If you need a place to store your motorcycle for the winter and don't have your own garage, you have a few options. You could put it up in a friend's garage, though this might inconvenience your friend and you won't be able to keep a close eye on security. You could try storing it in your patio or on a porch, but this can get messy. What many people end up doing is renting a storage unit to store their motorcycle. This way, there's security to watch over it, and you can be confident that the shelter is dry and protected. Here are some tips to help you out if you decide to go this route.
Pay for climate control.
It does not usually cost too much more to rent a climate-controlled storage unit, and this will save you from a lot of worries. You don't have to worry about bike parts rusting because moisture levels are too high. Your components will last longer since your bike is not exposed to the harsh outdoor climate, so you'll end up doing fewer repairs and getting a better price for your bike if you ever decide to sell it.
Make sure you can drive into the unit.
When you go to look at a storage unit, make sure the one you're given is in a location where you can drive right in. This is a lot more convenient than trying to wheel your bike around a tight corner, and there's a smaller chance of bumping into something, too.
Change the oil once you're inside the unit.
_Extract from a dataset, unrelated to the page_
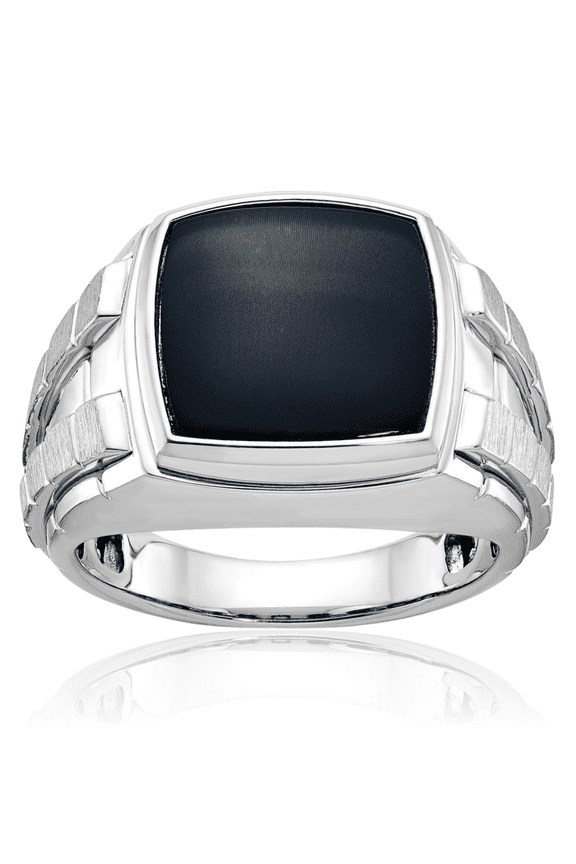 14K Solid White Gold 8 carat Black Onyx Extra Wide Signet Ring - 15.85mm Band - Prong Set Men's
It's always good to change the oil before putting a bike in storage so that dirty oil does not rest in the engine and gum up the parts. You may also want to clean the carburetor or do some other basic cleaning before closing your bike up in the storage unit. If you do this inside the unit, you won't have to drive the bike on the clean oil. Just make sure you put cardboard or some other protective barrier down so you don't drip oil on the floor of the storage unit.
Use your own lock.
Some storage facilities will supply locks, but, when you're storing something as valuable as a motorcycle, it's good to be extra cautious and use your own lock. This way, you're not risking someone else (an old renter of the unit, for example) having the combination or a key and being able to access the bike.